3. Bottom-catching is risky Approach 2 bets on extreme reversals. Can catch a falling knife. Keeps dropping after you buy, catches you at mid-mountain.

4. 5-minute is too short Demands fast internet and system stability. A few seconds delay in ordering and the price changes.

Real-World Advice

Backtest first Don't go live right away. Test on historical data to see how the strategy performed in the past. If it lost money historically, don't expect it to make money in the future.

Start with small money Start with fake money or small stakes first. Don't go all-in immediately. Once it's consistently profitable, gradually increase.

Watch it closely early on At the beginning, watch how it trades closely. Understand its logic, so when something goes wrong you know where to look.

Don't tweak parameters constantly Don't tweak every day, but don't never tweak either. Generally review once a quarter or twice a year to see if parameters need updating.

13. Summary — One Line to Remember It

ElliotV4 is a "wait for a discount to buy, take profits when you've made enough" strategy — uses EWO to find buy points, moving averages and trailing stops to find sell points, and multi-layer risk controls to protect your money.

Good For:

  • People who don't want to chase: Like waiting for pullbacks, don't like buying at highs
  • Bottom-catchers: Brave enough to buy when everyone's panicking
  • Patient people: Willing to wait for opportunities, not jumping at everything
  • People willing to optimize: Understand that one set of parameters won't work forever

Not Good For:

  • Get-rich-quick folks: No such strategy exists. Come on.
  • People who can't handle volatility: Every strategy has losing periods
  • People who don't want to do homework: Every strategy needs testing and monitoring
  • Slow internet folks: 5-minute level needs fast execution

Final Thoughts

There's no holy grail in quantitative trading. ElliotV4 is a good strategy, but it's not a money printer.

Before using:

  • Backtest! Backtest!
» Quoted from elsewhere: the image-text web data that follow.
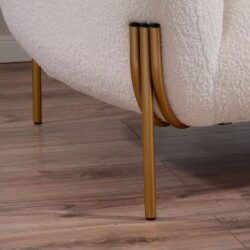 Poltrona in Tessuto Teddy con Piedi in Metallo Dorato – Stile Scandinavo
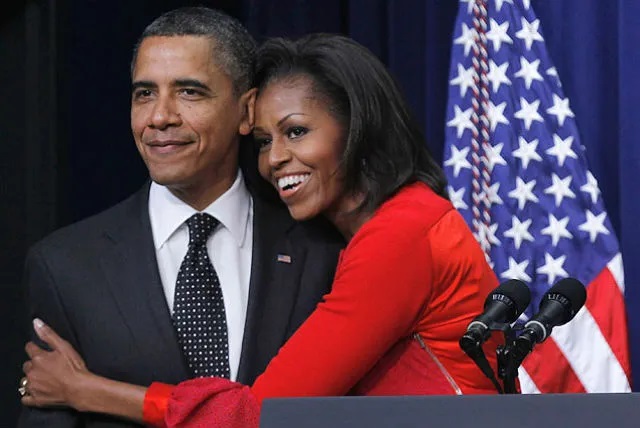 ΗΠΑ: Oι Ομπάμα ανακοίνωσαν ότι στηρίζουν την Κάμαλα Χάρις ΗΠΑ: Oι Ομπάμα ανακοίνωσαν ότι στηρίζουν την Κάμαλα Χάρις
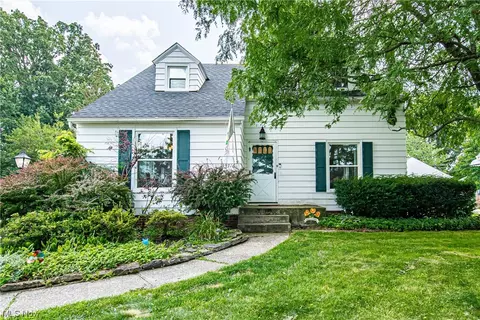 33716 Baldwin Rd, Solon, OH 44139 photo 1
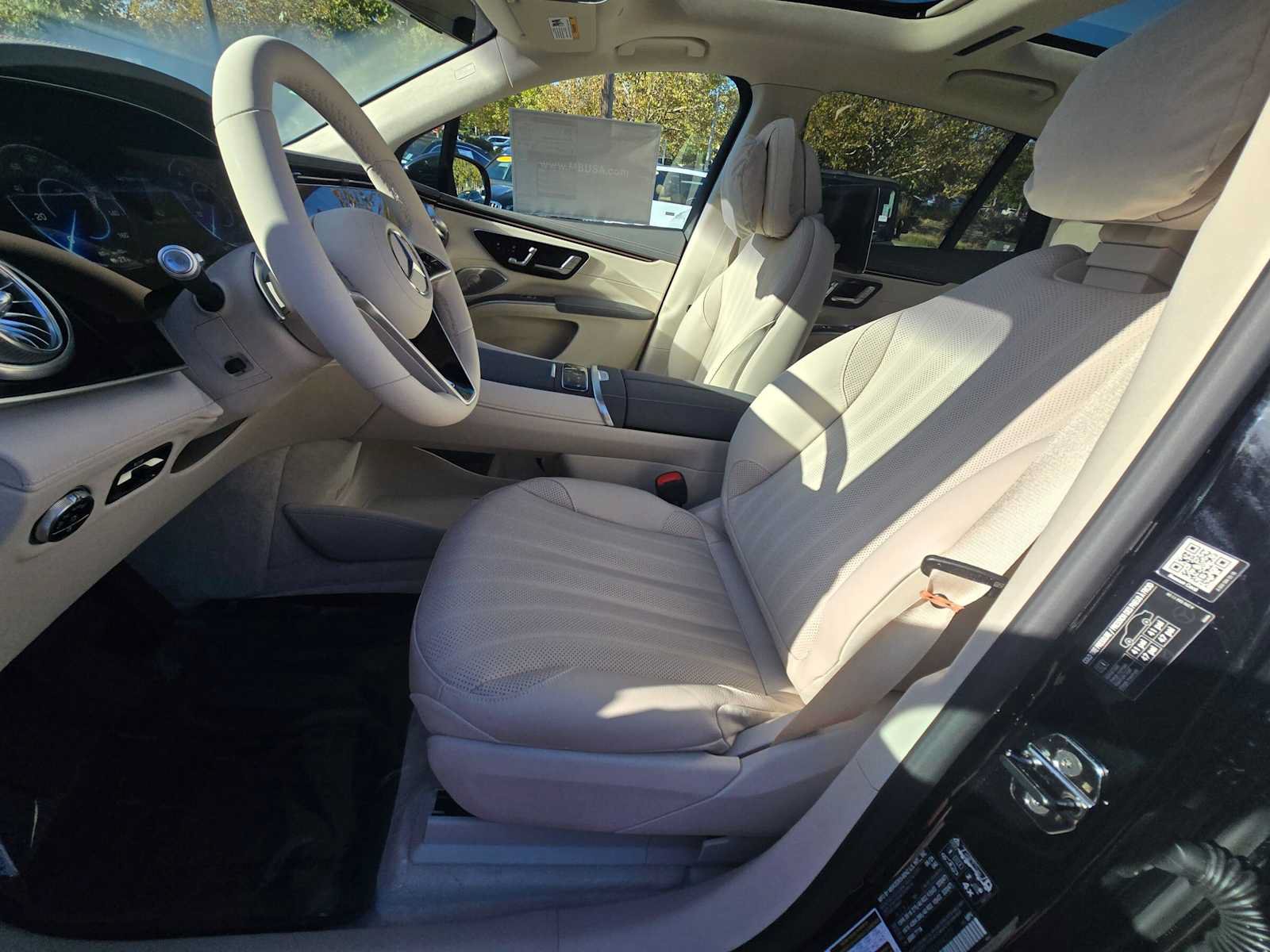 New 2027 Mercedes-Benz EQS 400 4MATIC SUV image 25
Backtest!
  • Start with fake money!
  • Understand the logic!

After using:

  • Monitor performance!
  • Adjust timely!
  • Control risk!

Remember this: The strategy is a tool; the person is what makes money. Even the best strategy will lose money in the wrong hands; even the worst strategy can make money with the right approach. The key is understanding it, adapting to it, and controlling it.


Disclaimer: This article explains strategy principles. It's not telling you to buy anything. Quantitative trading has risks — invest cautiously. Historical performance doesn't guarantee future results. Don't gamble with your living expenses.